» **Data records**
━━━━━━━━━━━━━━━━
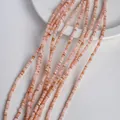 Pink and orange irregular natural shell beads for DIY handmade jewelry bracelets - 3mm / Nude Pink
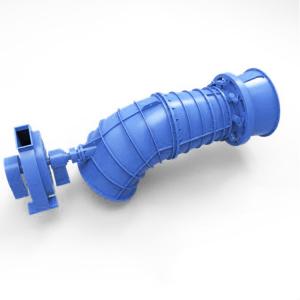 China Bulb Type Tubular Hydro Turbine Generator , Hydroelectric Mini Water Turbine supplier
━━━━━━━━━━━━━━━━
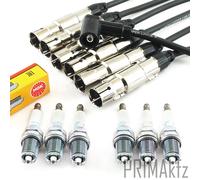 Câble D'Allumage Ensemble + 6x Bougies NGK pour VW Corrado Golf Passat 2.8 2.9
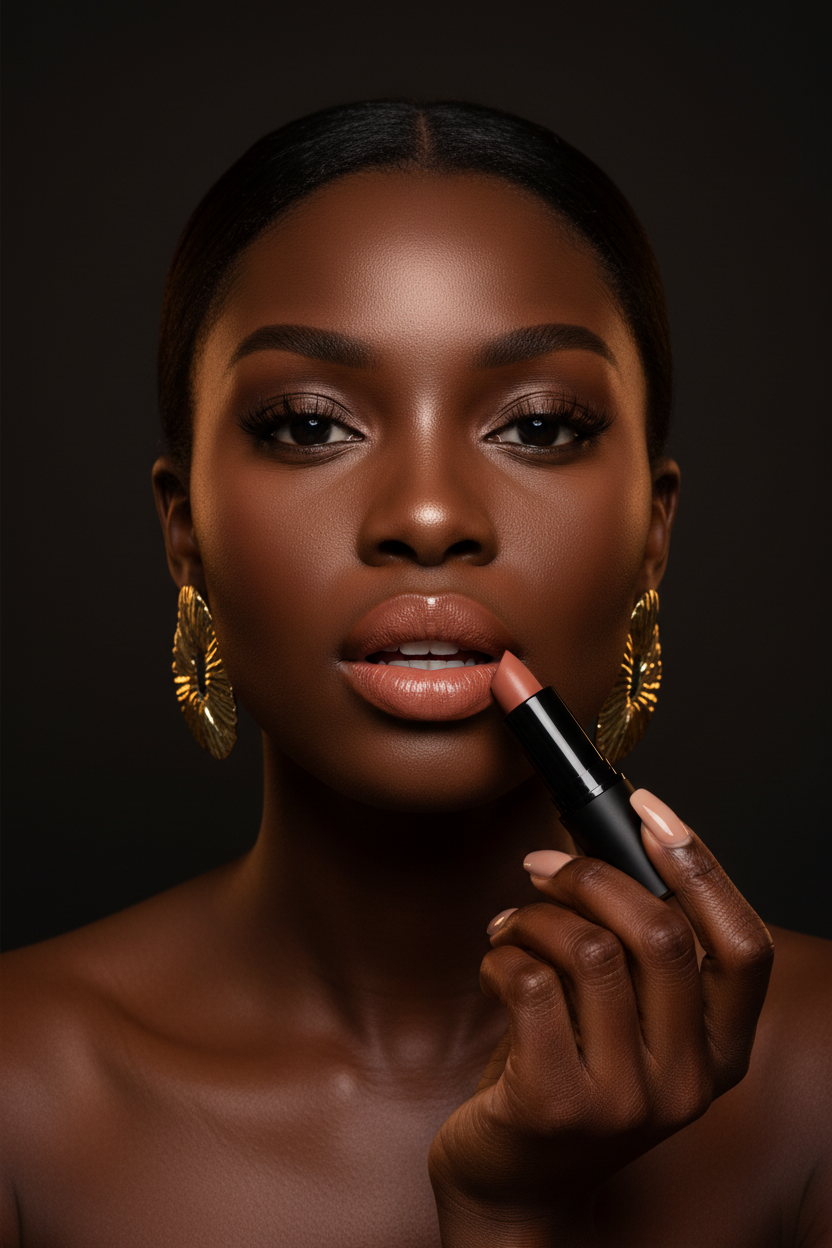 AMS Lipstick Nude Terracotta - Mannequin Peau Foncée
━━━━━━━━━━━━━━━━
» **Problem requirements**
Here the job is to copy the listing above word for word, starting at the line with "Pink and orange" and ending at the line with "China Bulb Type", and to leave out the pictures.

» **Solution for this task**
 Pink and orange irregular natural shell beads for DIY handmade jewelry bracelets - 3mm / Nude Pink
 China Bulb Type Tubular Hydro Turbine Generator , Hydroelectric Mini Water Turbine supplier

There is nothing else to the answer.